When I visited Steve at his Indianapolis office this spring, he grabbed a pen and paper and scribbled out the new trade-in formula as such: In 2006, a new truck cost $95,000 and a three-year-old truck was worth $50,000, so a company looking to upgrade would require a loan of $45,000, which was easy to obtain. Today, a new truck costs $125,000 and a three-year-old truck is worth $50,000, so the company requires a $75,000 loan and very few financial institutions will write it.
Worse, many fleets extended their trade cycles during the downturn and are now running trucks that are seven years old, not three. Those seven-year-old trucks are worth maybe $20,000 and a $100,000 loan is required to trade up into a new tractor. This has required many small fleets to resort to two-for-one and three-for-one trade-ins, which was the case with a couple struggling firms Celadon has acquired early this year.
(As an interesting side note, Steve’s offer to rescue struggling Canadian fleet owners from their financial despair – dubbed Steve Russell’s “one-time multiplier plan” by a cheeky Mike McCarron @AceMcc via Twitter – has seemingly gone unheeded. He told me in the days following the report that he’d heard from two Canadian firms but I’ve yet to see any deals announced).
Back to my original point. It’s not just Steve Russell making these observations. On Twitter, Bob Costello, chief economist for the ATA recently suggested: ‘I think equipment costs – new tractor prices and maintenance costs of older tractors – is the new diesel. It could drive fleets out of biz.’

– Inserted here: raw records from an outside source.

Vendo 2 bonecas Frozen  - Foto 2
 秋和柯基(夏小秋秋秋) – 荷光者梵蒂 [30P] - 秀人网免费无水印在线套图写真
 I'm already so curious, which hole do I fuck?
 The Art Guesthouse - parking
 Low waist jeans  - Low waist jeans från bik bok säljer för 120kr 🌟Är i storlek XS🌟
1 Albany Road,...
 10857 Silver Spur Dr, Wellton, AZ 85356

And in its latest State of the Industry report, head analyst at ACT Research Kenny Vieth observed: “Smaller truckers who have to borrow to buy are most likely driving older trucks with relatively low values. Those truckers need to borrow $90,000-$100,000 to finance a new truck, but their confidence has been shaken by a number of events in early 2012, including economic concerns, a 9.5% jump in fuel prices through Q1, and inconsistent freight early in the year.”
So, that all begs the question, is the same true here in Canada? Cue Rob Penner, COO of Bison Transport. He told me “We’re absolutely seeing that.” He was speaking of the three-for-two or two-for-one trade-ins smaller fleets are making in a desperate effort to refresh their fleets. Rob said that many such fleets are looking to sell off all or part of their business or to take on partners because they’re otherwise unable to renew their aging fleets.
What we have here is a dilemma. It’s not just that small fleets can’t afford to buy new tractors, some simply won’t. There’s a lingering distrust among many small fleet owners about emissions-related technologies like EGR, DPFs and SCR. (Ironically, fears about SCR are unfounded and are in fact one of the main reasons large fleets are aggressively replacing equipment. They’re looking to replace EPA07 generation trucks with EPA2010 technology using SCR, which provides fuel savings of about 5%. Apps Transport, one small fleet that has bucked the trend and this year replaced a third of its fleet with 17 new Pete 386s actually traded in some of its newest EPA07 tractors and held onto the older, more reliable units in the deal).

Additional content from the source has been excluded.